What this task involves — The lines from the top of the material below through the line containing "Patagonia Womens Better" are to be printed exactly, with pictures omitted.

Raw data —
• • • •

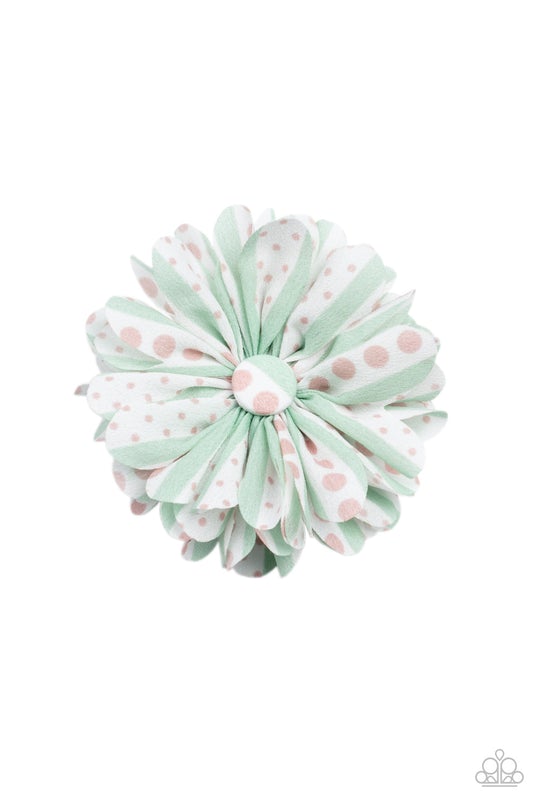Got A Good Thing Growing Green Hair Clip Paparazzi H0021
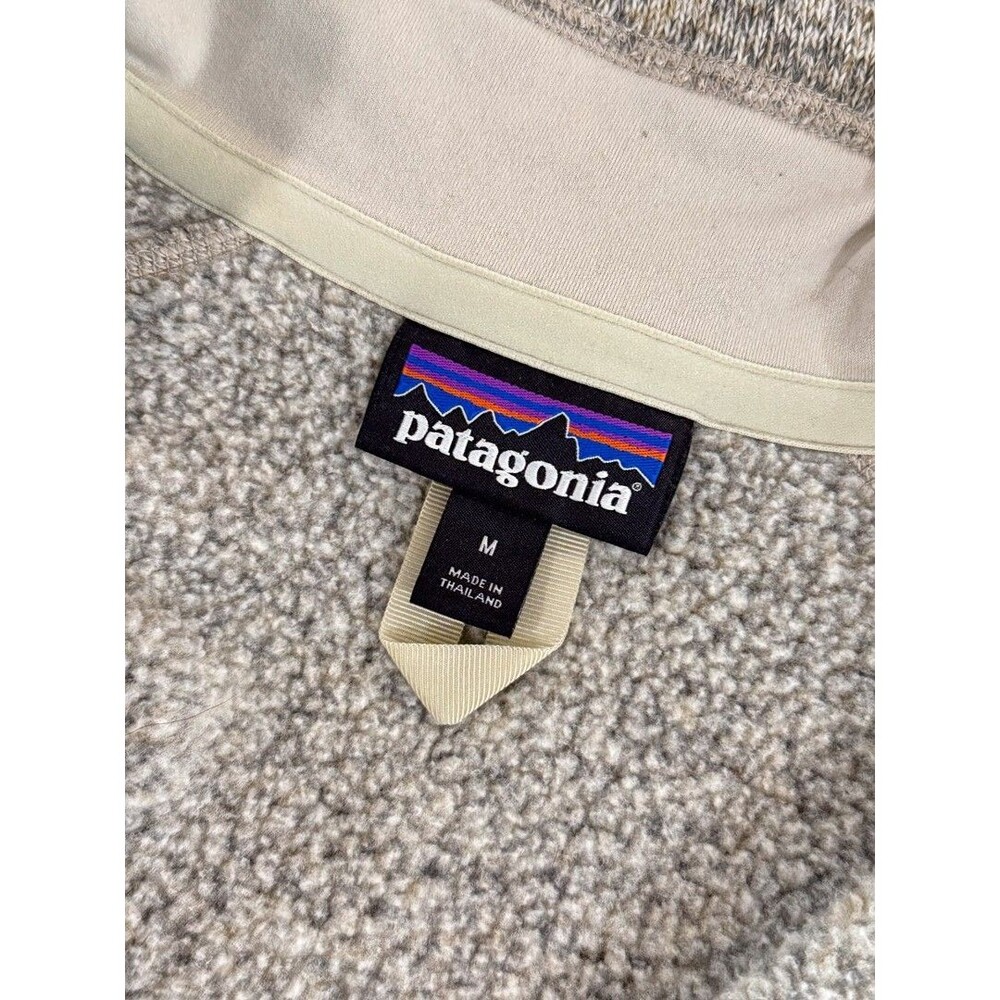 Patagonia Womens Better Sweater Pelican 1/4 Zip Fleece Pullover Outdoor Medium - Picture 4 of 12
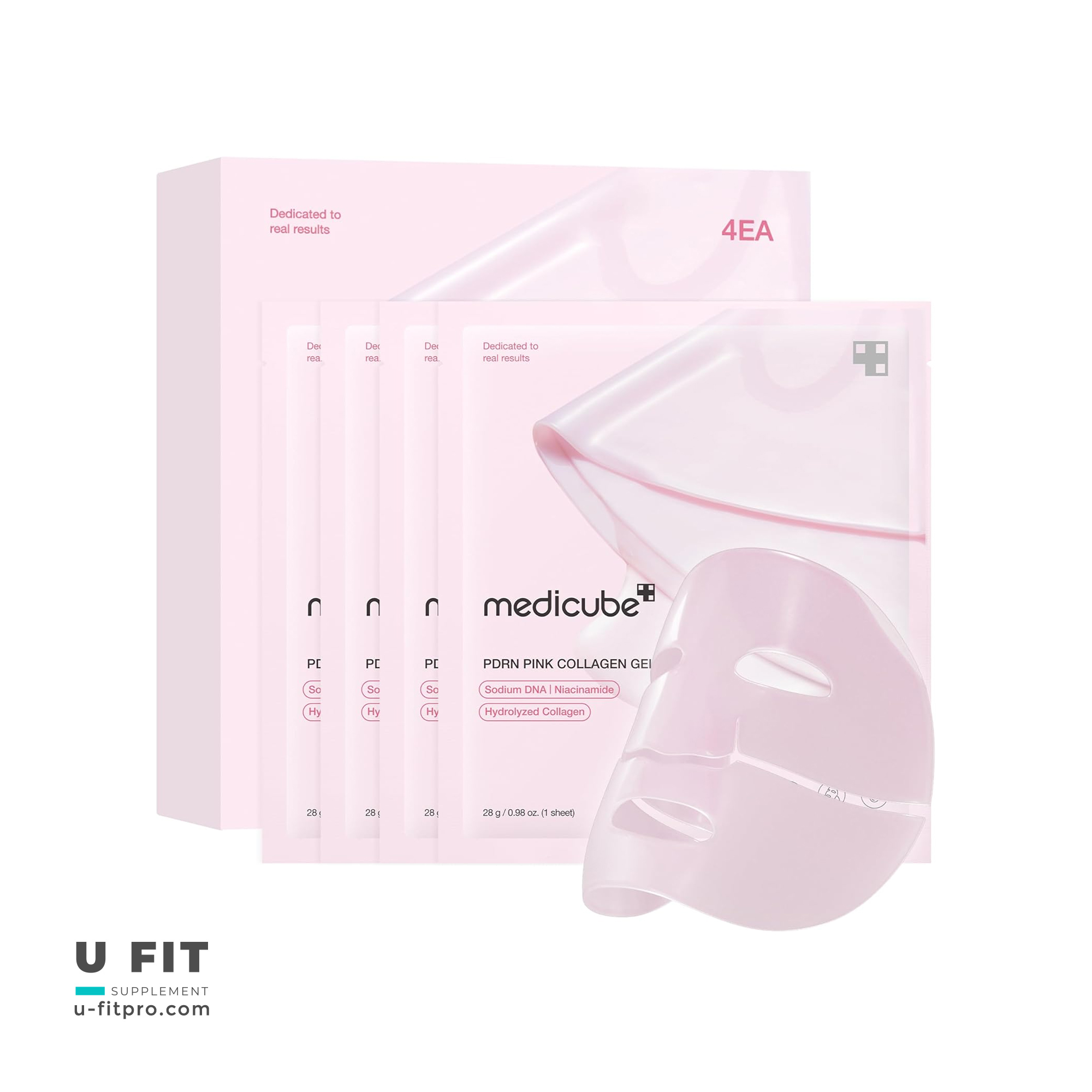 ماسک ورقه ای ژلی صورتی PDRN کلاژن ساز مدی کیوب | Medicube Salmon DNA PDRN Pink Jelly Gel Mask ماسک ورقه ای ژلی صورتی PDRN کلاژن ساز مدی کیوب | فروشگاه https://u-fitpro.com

• • • •

Finished exercise —
Got A Good Thing Growing Green Hair Clip Paparazzi H0021
 Patagonia Womens Better Sweater Pelican 1/4 Zip Fleece Pullover Outdoor Medium - Picture 4 of 12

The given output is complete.